Nöbetler ortalama sekiz hafta sürer.
Psikiyatri profesörü González de Rivera’nın (2001) açıkladığı gibi, krizdeki zihin 8 hafta boyunca gelişir. Bu süre zarfında ya çözümler bulabilir ve ilerleyebilir ya da daha çaresiz bir duruma düşebilirsiniz. Bu süre boyunca, kişinin 4 çok özel aşamadan geçmesi yaygındır:
- Stresli olaydan önce şok ve etki.
- ruhsal düzensizlik. Duygularımızın ve zihinsel akışımızın karmaşık, sıkıntılı ve yüksek ıstıraplı olduğu an.
- Çözünürlük. Kişi bir başa çıkma stratejisi arar.
- Devam edin veya baştan başlayın. Bu değişiklik ve başa çıkma araçlarının uygulanması başarılı olabilir veya olmayabilir. Olmazsa başa döneriz, hüsran yaşarız, yeni çıkış yolları düşünürüz… Şimdi, kişi o ilk denemede düştüğünü gördüğünde, her şey büyük bir zihinsel ve fiziksel yorgunlukla yaşanır. . Aslında, bazen hareket etmemeye karar vermeleri yaygındır, bu da depresif durumlara, kaygıya vb. yol açar.
Akıl krizlerinde, bu durumlarla nasıl başa çıkılır?
Krizde olan bir zihni sakinleştirmenin ilk adımı, onu saran duygusal durumlara dikkat etmektir. Bu zihinsel evreni kirli, yapraklarla dolu, balçıkla dolu bir su olarak düşünelim… Bütün bunların nedeni stres, ıstırap, korku vb. Altında ne olduğunu, altta yatan sorunların neler olduğunu görmek ve bunları daha net ve sakin bir şekilde çözebilmek için bu suları “aydınlatmak” gerekir.

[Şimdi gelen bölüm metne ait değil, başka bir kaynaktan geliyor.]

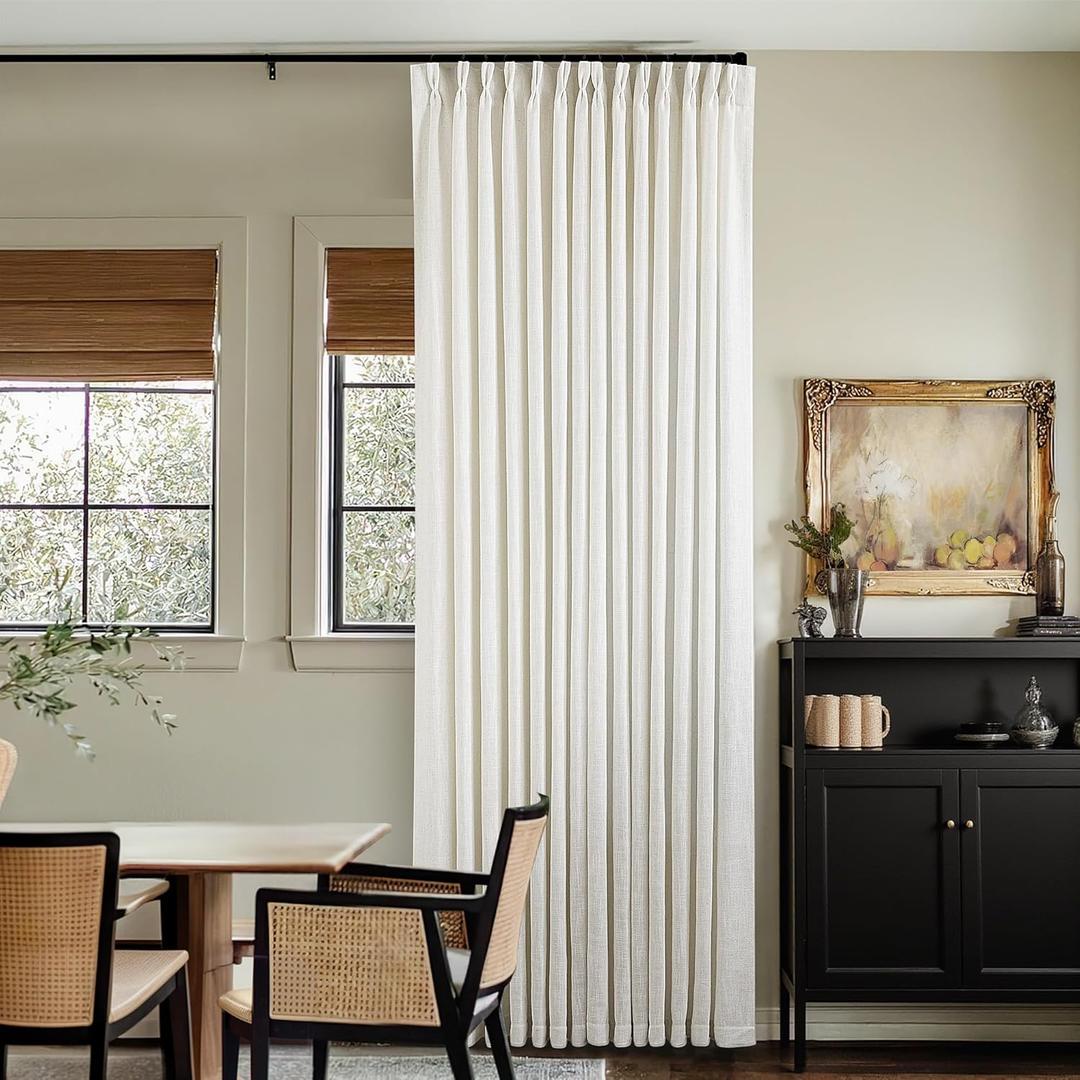 Natural Pinch Pleated Linen Curtains 1 Panel for Living Room Bedroom Memory Training Shaped Semi Sheer Pleat Drapes with Hooks Rings Light Filtering Window Curtain 60x108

İkinci adım, yeniden tanımlamak ve yeniden oluşturmaktır. Bir krizin bir kopuşu gerektirdiğini, kanıksadığımız bir şeyin değiştiğini veya artık var olmadığını anlamalıyız. Aynı şekilde bir parçamız da bu süreçte yok edildi ve bu nedenle kendimizi yeniden tanımlamaya, önümüzde duran bu aşamayla yüzleşebilecek ve yönetebilecek yeni bir “ben” yaratmak zorunda kalıyoruz.
Son olarak, kendine güven, benlik saygısı, problem çözme, doğru stres yönetimi, olaylara daha olumlu bir yaklaşım ve elbette esneklik gibi yeni yaşam becerileri geliştirmeliyiz.
Son olarak, Konfüçyüs’ün işaret ettiği gibi, ” bilge insan her zaman şeylerin kalıcı olmamasına dikkat eder” . Günlük hayatımızdaki değişiklikler süreklidir ve onları yönetmeyi öğrenmeliyiz.